* **DIRECTIONS FOR THIS TASK**: Repeat every record exactly, omitting the pictures.

* **EXERCISE MATERIAL**:
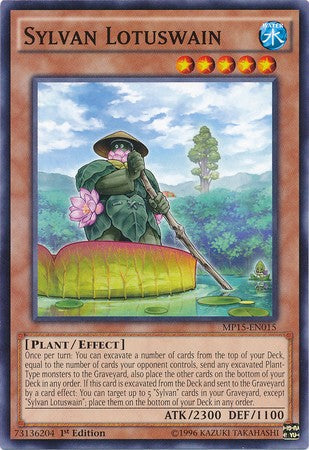 Sylvan Lotuswain - MP15-EN015 - Common - 1st Edition available at 401 Games Canada
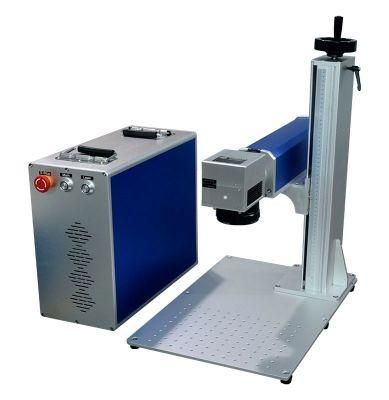 Economical Fiber Laser Marking Machine for Marking Metal and Non-Metal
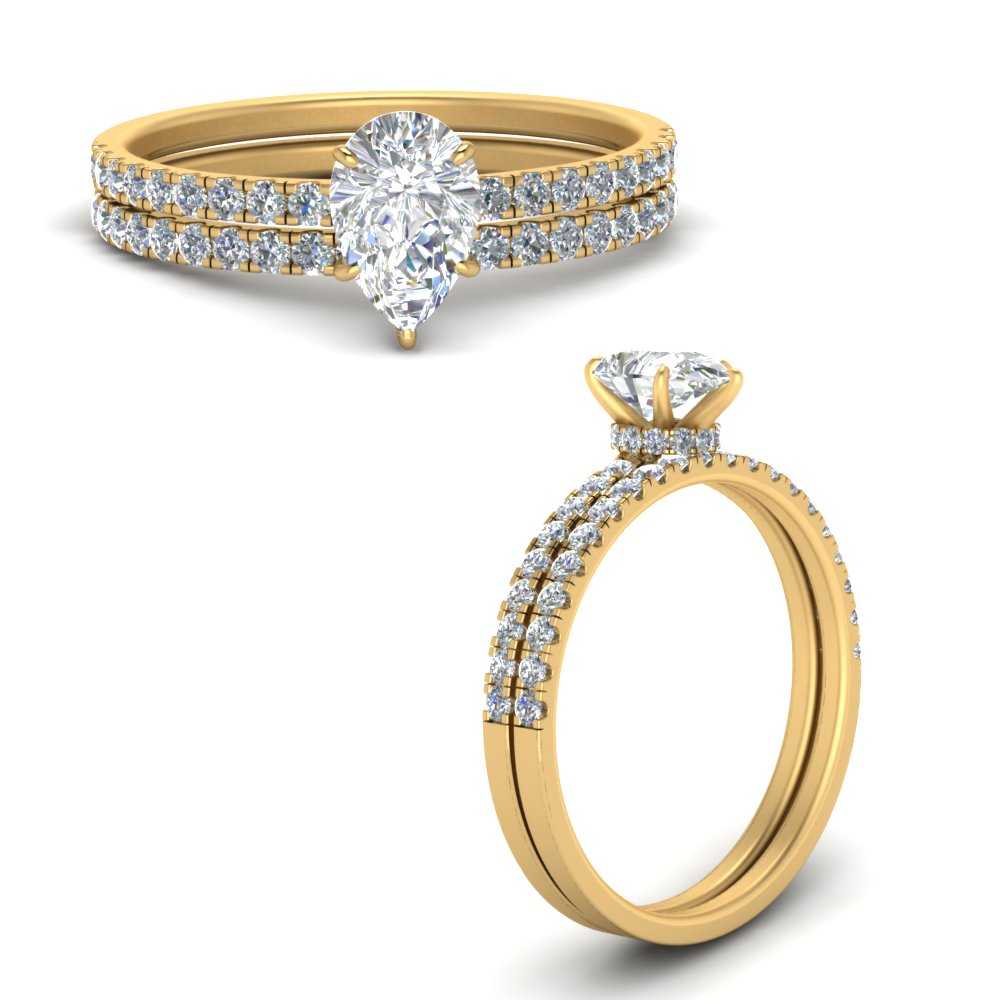 hidden-halo-half-way-pear-shaped-diamond-wedding-ring-set-in-FD9168PEANGLE3-NL-YG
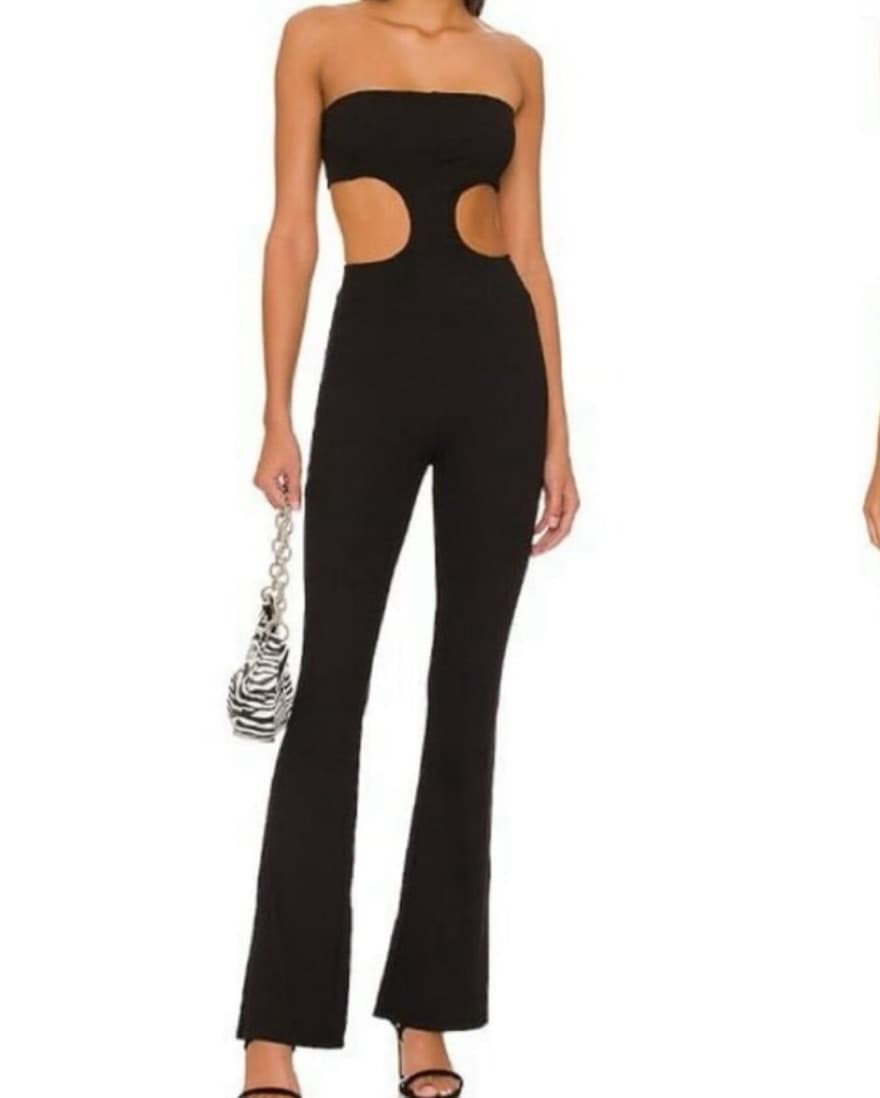 Strapless Jumpsuit - Image 1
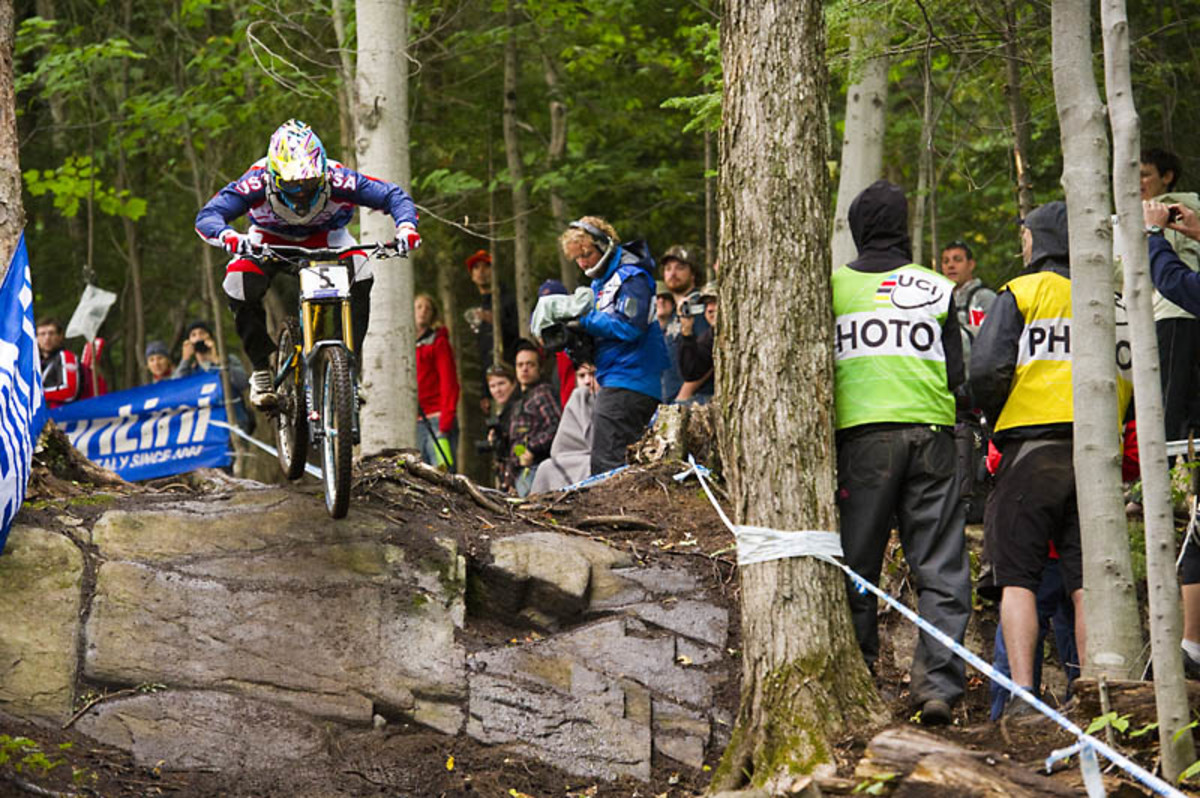 John Tomac Schools Aaron Gwin - BikeMag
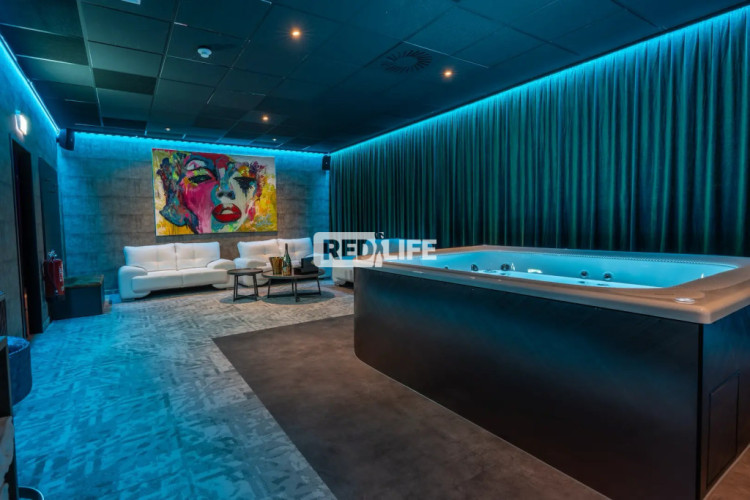 diskrétnosť luxus Nightclub Pangea nočný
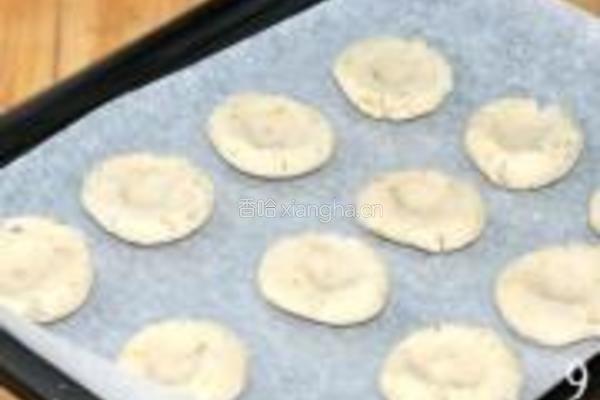桃酥饼的做法图解9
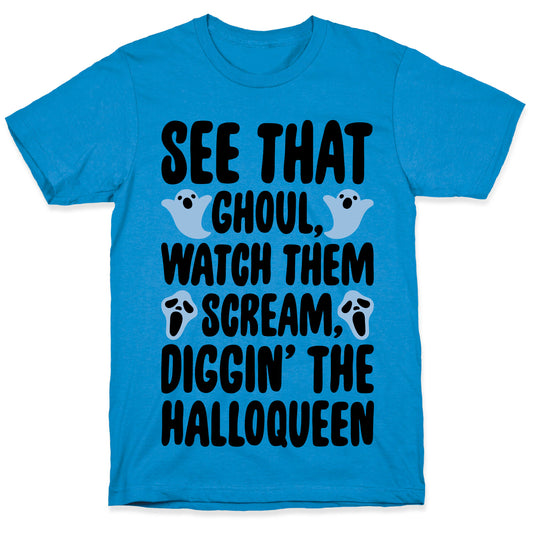 Halloween Dancing Queen Parody T-Shirt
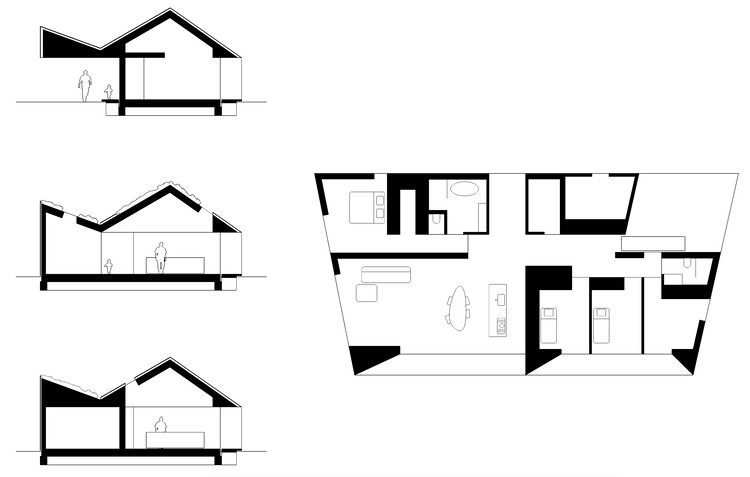 荷兰 K2 别墅丨Francois Verhoeven Architects-9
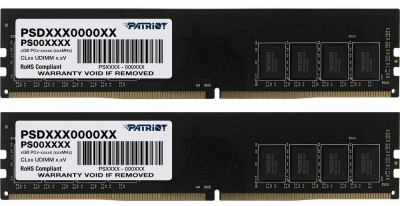   32Gb DDR4 3200MHz Patriot Signature (PSD432G3200K) (2x16Gb KIT)(retail)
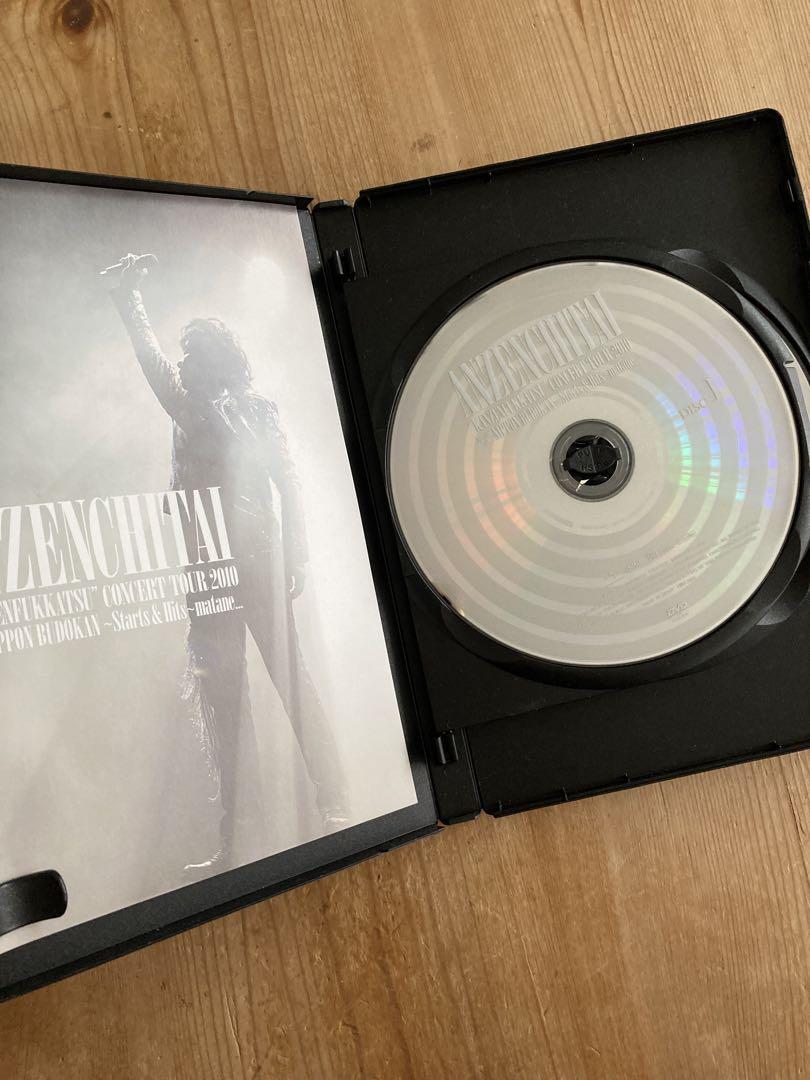 安全地帯　DVD2枚組 完全復活コンサートツアー2010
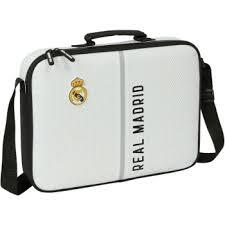 CARTERA EXTRAESCOLARES REAL MADRID 1ª EQUIPACIÓN 24/25 | 8412688568239 | Librería Castillón - Comprar libros online Aragón, Barbastro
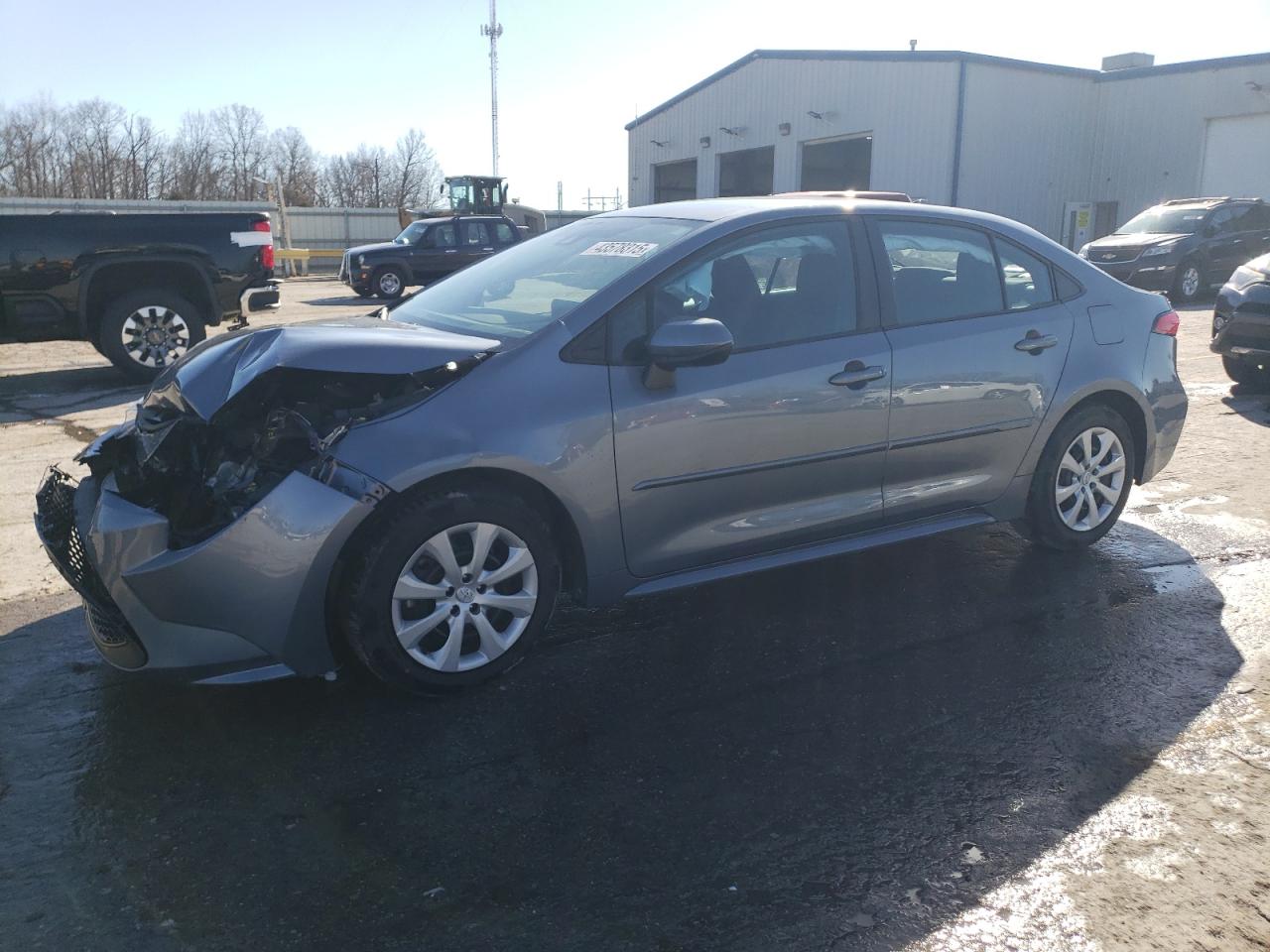 2022 TOYOTA COROLLA LE VIN:5YFEPMAE7NP334090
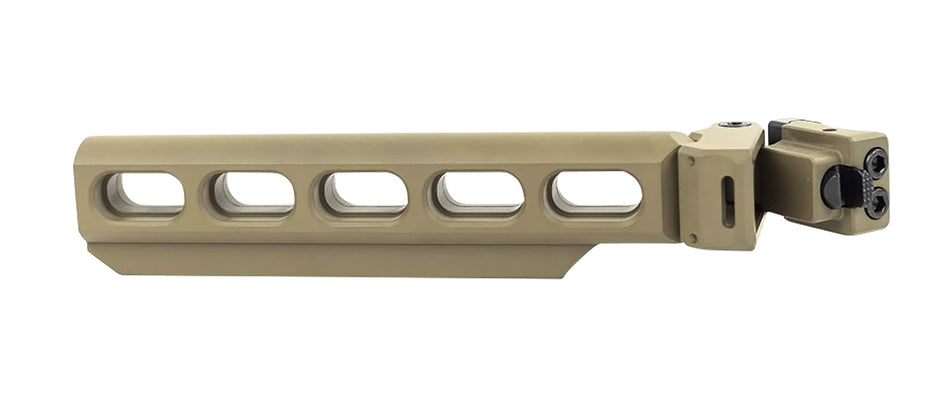 Samson B.R.E. Flat Dark Earth AR-Platform Bufferless Receiver Extension with Folding Adapter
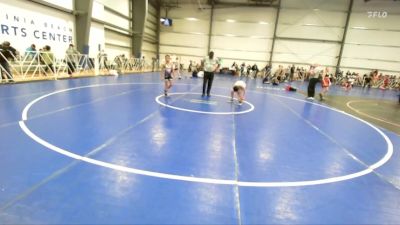 72 lbs Round 4 (2:15pm Saturday) - Diezel Steele, Untouchables, MN vs Kyler Wynn, Crass Trained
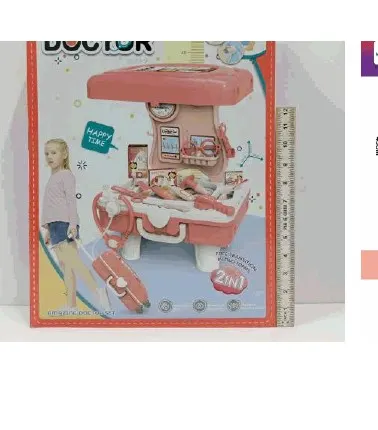 I'm Little Doctor 2-in-1 Medical Table Playset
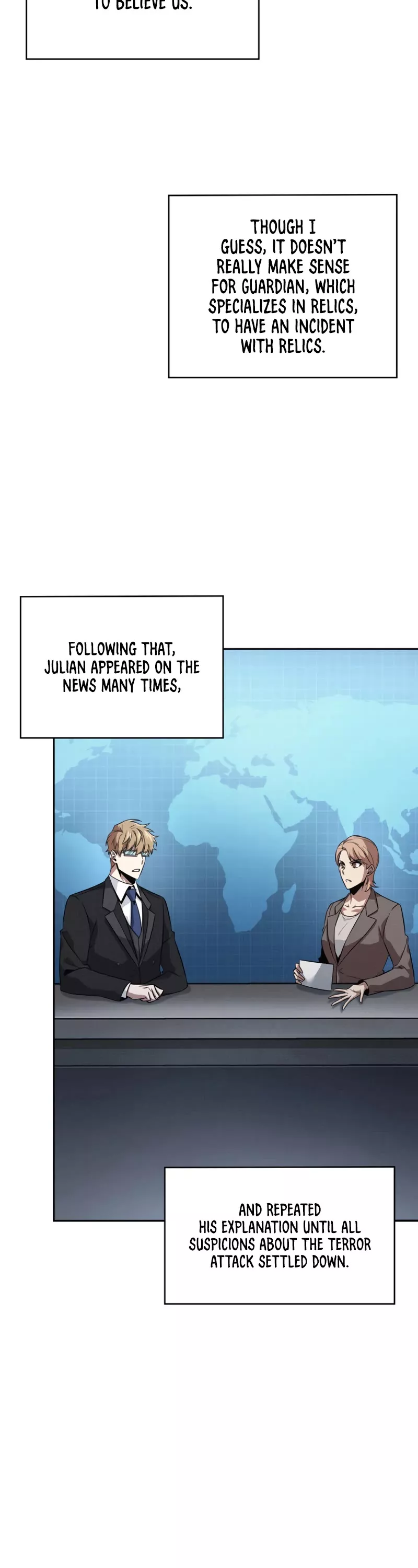 Tomb Raider King, chapter 401, image 24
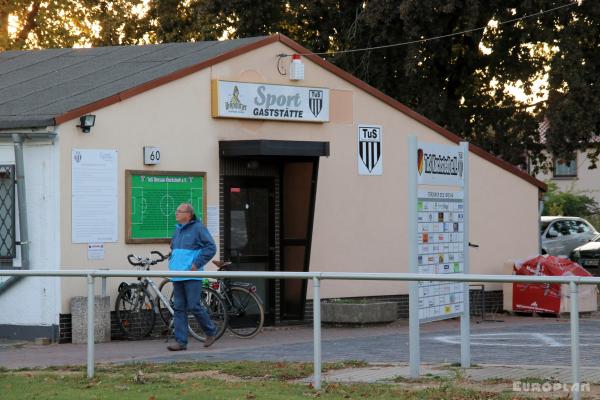 Sportanlage Zoberberg - Dessau-Roßlau-Kochstedt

* **OUTPUT FOR THIS TASK**:
 Sylvan Lotuswain - MP15-EN015 - Common - 1st Edition available at 401 Games Canada
 Economical Fiber Laser Marking Machine for Marking Metal and Non-Metal
 hidden-halo-half-way-pear-shaped-diamond-wedding-ring-set-in-FD9168PEANGLE3-NL-YG
 Strapless Jumpsuit - Image 1
 John Tomac Schools Aaron Gwin - BikeMag
 diskrétnosť luxus Nightclub Pangea nočný
桃酥饼的做法图解9
 Halloween Dancing Queen Parody T-Shirt
 荷兰 K2 别墅丨Francois Verhoeven Architects-9
   32Gb DDR4 3200MHz Patriot Signature (PSD432G3200K) (2x16Gb KIT)(retail)
 安全地帯　DVD2枚組 完全復活コンサートツアー2010
 CARTERA EXTRAESCOLARES REAL MADRID 1ª EQUIPACIÓN 24/25 | 8412688568239 | Librería Castillón - Comprar libros online Aragón, Barbastro
 2022 TOYOTA COROLLA LE VIN:5YFEPMAE7NP334090
 Samson B.R.E. Flat Dark Earth AR-Platform Bufferless Receiver Extension with Folding Adapter
 72 lbs Round 4 (2:15pm Saturday) - Diezel Steele, Untouchables, MN vs Kyler Wynn, Crass Trained
 I'm Little Doctor 2-in-1 Medical Table Playset
 Tomb Raider King, chapter 401, image 24
 Sportanlage Zoberberg - Dessau-Roßlau-Kochstedt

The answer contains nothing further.